= Simon Rose (author) =

Canadian author

Simon Rose (born 1961) is a Canadian author of books for children and young adults, best known for his science fiction and fantasy novels.

==Biography==
Rose, who was born February 23, 1961, in Chesterfield, Derbyshire, England), immigrated to Canada in 1990. He currently lives in Calgary, Alberta.

Rose works as an editor and writing coach and is a teacher of writing workshops. He teaches creative writing classes at Mount Royal University and the University of Calgary.

==Writing==

Simon Rose's first novel for young readers, The Alchemist's Portrait, published in 2003, was nominated for the Golden Eagle Award. The Sorcerer's Letterbox, published in 2004, was also nominated for the Golden Eagle Award, along with the Silver Birch Award (Ontario Library Association) and Diamond Willow Award (Saskatchewan Young Readers' Choice Awards). His other novels are The Clone Conspiracy (2005), The Emerald Curse (2006), The Heretic's Tomb (2007), The Doomsday Mask (2009), The Time Camera (2011), The Sphere of Septimus (2014), Future Imperfect (2016), and An Untimely Death (2024). The three volume Flashback series includes Flashback (2015), Twisted Fate (2017), and Parallel Destiny (2018). He is also a contributing author to The Complete Guide to Writing Science Fiction, Volume One, (2007).

The three-volume series, Shadowzone, Into the Web and Black Dawn was published in 2017. The three volume series The Stone of the Seer, Royal Blood, and Revenge of the Witchfinder was published in 2022.

Rose has written several guides for writers, including The Children's Writer's Guide and The Time Traveler's Guide. He has also written about 130 non-fiction books for educational publishers such as Weigl, Crabtree, Capstone, and Compass Point Books.
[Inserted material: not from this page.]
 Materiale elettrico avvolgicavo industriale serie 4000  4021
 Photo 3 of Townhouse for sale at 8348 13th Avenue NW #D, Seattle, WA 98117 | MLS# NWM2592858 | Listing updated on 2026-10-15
Rose has said that "I write for the boy I was at eight or nine and tend to lean toward subjects that interested me then -- science fiction, time travel, ancient mysteries, the unexplained, fantasy, history and comic books." He is known as a "prolific" author of books of "science fiction, fantasy, ancient mysteries and anything mysterious and unexplained" for children and young adults.